Instructions
Check to see which material the marble is made froml. If it has any kind of eye-catching color pattern, then it will be a glass marble. China and clay marbles are plain-looking, with only basic floral decoration at best, and their chips or dents will show discoloration. Because they lack visual appeal, these are of little interest to collectors, even though some of them can be hundreds of years old.
Examine the marble carefully to see if if there are any slight puckerings in the surface of the glass. Known as pontil marks, these are a sign of hand craftsmanship. A marble with no pontil marks is machine-made and thus unlikely to be collectible. A marble with two pontil marks - one on either side -- was probably made in the 1850 to 1914 period by a glassblower specializing in marbles. A marble with only one pontil mark is known as an "end of day" piece. This means it was made by a glassblower as a one-off, probably as a present for a child. "End of day" marbles are much more scarce that their ordinary handmade counterparts.

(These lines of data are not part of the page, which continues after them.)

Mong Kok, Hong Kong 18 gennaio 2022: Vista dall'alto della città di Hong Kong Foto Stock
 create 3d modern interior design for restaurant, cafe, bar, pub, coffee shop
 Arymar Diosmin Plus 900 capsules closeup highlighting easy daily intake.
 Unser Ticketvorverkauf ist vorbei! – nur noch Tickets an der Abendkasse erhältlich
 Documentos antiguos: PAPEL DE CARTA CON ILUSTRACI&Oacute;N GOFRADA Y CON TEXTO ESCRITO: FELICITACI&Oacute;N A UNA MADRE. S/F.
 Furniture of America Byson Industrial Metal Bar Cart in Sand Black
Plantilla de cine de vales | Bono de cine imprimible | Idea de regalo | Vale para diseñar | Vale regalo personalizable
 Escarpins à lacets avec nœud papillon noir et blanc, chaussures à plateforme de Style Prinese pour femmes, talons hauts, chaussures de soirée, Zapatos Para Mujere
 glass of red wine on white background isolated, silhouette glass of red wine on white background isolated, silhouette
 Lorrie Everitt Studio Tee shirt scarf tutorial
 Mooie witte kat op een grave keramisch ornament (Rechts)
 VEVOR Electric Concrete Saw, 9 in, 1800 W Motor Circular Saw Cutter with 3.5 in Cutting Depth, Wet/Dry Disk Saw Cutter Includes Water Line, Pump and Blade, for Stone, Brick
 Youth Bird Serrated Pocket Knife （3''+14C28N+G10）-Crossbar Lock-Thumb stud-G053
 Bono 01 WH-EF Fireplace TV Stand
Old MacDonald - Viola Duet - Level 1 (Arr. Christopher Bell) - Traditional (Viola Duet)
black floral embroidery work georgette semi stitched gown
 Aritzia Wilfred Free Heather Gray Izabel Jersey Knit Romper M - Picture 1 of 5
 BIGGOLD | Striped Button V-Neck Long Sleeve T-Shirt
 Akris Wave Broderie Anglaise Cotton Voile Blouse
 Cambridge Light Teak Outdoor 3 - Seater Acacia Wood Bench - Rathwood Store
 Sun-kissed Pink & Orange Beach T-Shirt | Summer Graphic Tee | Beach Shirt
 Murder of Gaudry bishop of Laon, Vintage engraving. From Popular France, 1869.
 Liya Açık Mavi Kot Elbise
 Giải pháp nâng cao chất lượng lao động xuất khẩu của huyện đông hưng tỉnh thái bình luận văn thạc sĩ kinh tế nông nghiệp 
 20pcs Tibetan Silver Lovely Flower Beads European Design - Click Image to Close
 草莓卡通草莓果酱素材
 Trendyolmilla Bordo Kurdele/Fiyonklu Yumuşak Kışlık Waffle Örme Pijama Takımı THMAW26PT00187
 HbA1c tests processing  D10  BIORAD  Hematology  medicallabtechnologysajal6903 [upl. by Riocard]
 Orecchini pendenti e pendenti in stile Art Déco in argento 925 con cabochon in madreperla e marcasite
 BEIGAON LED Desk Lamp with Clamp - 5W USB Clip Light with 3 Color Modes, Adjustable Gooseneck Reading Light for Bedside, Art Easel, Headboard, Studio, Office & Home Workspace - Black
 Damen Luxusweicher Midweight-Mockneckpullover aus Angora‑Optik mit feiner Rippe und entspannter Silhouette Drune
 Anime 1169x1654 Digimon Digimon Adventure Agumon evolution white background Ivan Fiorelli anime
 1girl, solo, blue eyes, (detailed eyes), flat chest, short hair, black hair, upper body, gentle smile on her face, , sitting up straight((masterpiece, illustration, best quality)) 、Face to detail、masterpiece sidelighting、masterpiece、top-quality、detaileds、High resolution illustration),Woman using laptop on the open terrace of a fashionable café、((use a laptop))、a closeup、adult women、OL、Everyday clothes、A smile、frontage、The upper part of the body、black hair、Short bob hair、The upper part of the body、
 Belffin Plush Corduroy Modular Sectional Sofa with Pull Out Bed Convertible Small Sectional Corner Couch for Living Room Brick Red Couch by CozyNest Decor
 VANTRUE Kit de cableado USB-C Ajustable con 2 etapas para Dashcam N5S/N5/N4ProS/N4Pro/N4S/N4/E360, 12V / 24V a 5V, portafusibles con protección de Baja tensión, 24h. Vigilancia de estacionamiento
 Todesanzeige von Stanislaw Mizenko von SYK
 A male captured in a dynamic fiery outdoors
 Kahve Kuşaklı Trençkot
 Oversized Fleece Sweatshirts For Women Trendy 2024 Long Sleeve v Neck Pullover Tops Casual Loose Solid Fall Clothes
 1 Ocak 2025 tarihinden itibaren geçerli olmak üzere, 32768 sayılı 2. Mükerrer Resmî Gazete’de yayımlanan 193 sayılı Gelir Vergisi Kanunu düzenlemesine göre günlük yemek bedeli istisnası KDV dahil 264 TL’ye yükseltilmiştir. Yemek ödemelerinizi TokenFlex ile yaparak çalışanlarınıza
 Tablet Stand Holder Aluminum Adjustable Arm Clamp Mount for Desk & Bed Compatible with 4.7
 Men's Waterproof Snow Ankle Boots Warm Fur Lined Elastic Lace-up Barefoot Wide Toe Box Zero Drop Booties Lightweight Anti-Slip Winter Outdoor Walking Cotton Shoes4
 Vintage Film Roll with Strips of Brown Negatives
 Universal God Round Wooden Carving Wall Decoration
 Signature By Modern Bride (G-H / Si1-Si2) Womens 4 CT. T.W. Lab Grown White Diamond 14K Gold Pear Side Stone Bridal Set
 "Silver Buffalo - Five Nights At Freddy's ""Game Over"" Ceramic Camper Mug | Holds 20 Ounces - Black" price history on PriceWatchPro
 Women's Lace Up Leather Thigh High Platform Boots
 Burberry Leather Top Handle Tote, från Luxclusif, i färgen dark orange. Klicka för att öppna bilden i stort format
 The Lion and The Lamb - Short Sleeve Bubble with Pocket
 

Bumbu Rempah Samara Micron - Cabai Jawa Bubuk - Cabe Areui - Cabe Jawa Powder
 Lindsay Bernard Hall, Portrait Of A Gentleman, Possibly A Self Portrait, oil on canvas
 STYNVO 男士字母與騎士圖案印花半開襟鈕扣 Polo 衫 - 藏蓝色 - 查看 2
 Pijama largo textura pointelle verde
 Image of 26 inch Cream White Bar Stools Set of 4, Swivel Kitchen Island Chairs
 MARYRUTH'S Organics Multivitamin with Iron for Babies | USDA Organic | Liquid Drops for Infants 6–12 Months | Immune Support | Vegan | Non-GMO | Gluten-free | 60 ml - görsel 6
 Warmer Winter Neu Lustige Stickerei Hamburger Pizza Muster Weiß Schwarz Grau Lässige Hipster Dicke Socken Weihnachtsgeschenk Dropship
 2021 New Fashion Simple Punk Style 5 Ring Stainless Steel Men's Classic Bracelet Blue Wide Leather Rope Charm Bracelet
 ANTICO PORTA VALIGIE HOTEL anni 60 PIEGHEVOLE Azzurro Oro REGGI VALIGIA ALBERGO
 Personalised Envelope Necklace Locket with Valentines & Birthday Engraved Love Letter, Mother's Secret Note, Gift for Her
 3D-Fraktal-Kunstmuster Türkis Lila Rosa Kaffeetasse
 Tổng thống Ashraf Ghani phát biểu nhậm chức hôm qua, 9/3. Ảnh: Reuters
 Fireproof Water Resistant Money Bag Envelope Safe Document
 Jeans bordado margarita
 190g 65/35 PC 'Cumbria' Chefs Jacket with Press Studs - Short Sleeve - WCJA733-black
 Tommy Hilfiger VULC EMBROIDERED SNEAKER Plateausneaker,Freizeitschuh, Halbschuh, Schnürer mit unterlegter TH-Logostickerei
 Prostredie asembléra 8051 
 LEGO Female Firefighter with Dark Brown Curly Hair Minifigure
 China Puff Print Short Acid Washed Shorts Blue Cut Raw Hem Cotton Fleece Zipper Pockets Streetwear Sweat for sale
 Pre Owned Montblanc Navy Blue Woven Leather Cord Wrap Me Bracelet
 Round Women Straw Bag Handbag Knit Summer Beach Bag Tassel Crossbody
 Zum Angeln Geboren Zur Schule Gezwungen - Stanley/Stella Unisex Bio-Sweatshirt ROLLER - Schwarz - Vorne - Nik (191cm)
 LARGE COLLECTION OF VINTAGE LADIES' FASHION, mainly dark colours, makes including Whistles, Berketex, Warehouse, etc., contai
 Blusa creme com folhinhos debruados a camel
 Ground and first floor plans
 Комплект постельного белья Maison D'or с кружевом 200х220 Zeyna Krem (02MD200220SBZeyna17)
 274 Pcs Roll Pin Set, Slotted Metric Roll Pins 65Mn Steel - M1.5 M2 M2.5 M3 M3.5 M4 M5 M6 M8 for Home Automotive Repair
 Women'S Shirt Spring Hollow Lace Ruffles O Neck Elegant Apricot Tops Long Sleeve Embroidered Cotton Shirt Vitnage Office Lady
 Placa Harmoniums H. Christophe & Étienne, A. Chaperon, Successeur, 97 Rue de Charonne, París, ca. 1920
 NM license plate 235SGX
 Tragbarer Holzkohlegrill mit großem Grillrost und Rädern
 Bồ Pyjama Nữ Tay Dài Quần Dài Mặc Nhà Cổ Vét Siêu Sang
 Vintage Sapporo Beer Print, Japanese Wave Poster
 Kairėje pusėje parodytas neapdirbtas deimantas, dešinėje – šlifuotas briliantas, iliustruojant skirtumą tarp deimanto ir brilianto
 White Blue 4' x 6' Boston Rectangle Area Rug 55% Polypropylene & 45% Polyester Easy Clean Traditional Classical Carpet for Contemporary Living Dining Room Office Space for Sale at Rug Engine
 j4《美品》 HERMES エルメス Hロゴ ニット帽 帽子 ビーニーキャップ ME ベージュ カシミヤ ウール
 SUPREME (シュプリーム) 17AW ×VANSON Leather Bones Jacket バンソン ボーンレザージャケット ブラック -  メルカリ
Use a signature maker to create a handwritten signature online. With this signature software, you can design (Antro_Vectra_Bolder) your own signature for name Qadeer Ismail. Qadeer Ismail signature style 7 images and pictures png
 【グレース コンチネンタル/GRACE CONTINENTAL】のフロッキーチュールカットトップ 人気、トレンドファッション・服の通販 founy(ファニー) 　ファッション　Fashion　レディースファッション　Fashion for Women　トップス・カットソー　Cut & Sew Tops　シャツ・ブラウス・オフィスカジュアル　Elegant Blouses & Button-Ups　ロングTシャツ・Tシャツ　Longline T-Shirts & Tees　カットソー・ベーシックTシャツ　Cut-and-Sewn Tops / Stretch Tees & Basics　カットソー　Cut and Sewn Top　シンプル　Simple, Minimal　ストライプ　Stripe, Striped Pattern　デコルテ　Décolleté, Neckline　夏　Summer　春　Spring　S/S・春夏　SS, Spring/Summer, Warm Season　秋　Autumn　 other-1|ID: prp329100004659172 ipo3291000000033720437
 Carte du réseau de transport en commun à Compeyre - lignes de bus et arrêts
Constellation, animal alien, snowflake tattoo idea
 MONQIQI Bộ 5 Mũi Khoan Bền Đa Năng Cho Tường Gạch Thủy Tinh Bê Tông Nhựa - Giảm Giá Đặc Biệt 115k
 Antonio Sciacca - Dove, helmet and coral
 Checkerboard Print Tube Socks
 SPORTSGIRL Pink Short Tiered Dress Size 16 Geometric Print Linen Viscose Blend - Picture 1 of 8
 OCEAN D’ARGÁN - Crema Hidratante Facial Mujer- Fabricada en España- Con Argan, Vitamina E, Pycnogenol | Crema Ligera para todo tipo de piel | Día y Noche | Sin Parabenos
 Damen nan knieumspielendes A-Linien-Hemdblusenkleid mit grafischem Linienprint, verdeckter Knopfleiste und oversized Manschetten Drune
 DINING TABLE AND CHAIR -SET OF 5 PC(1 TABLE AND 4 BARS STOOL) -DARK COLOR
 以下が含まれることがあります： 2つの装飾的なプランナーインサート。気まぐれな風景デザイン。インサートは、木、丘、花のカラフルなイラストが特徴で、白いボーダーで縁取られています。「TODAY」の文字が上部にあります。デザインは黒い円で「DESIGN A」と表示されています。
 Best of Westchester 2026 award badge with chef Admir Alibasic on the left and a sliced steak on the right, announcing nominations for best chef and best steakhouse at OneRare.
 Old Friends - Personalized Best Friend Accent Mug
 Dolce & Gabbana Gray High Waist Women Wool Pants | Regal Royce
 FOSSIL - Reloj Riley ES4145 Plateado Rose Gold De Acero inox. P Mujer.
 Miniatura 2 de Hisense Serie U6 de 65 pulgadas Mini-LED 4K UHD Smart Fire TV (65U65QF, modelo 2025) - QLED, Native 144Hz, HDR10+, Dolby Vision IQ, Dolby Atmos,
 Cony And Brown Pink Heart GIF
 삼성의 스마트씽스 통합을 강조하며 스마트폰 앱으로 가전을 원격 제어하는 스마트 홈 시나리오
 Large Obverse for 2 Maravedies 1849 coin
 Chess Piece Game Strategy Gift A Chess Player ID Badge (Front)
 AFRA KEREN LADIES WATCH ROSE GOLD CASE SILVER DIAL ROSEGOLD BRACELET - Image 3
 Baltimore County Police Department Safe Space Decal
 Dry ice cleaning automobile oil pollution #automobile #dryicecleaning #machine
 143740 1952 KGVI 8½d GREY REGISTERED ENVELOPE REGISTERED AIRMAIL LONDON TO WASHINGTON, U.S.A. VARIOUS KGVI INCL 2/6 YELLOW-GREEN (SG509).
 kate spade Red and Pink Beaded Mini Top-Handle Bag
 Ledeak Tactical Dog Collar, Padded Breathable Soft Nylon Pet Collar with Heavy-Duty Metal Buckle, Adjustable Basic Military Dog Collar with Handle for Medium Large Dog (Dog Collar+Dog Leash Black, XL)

Inspect the marble's pattern. As a general rule, the more painstaking and deliberate the pattern seems, the more collectible the marble is likely to be. For this reason, among the least interesting are "slag" marbles made from odds and ends of colored glass squashed together at random. By far the most collectible are "sulphides." Dating from Germany in the 1850s, these are clear marbles housing small clay figures, usually busts of famous people, depictions of landmark buildings and so on. Sulphides are scarce and valuable.
Check the condition of the marble. While collectors will overlook tiny blemishes, a marble that has sustained multiple chips will have little resale value.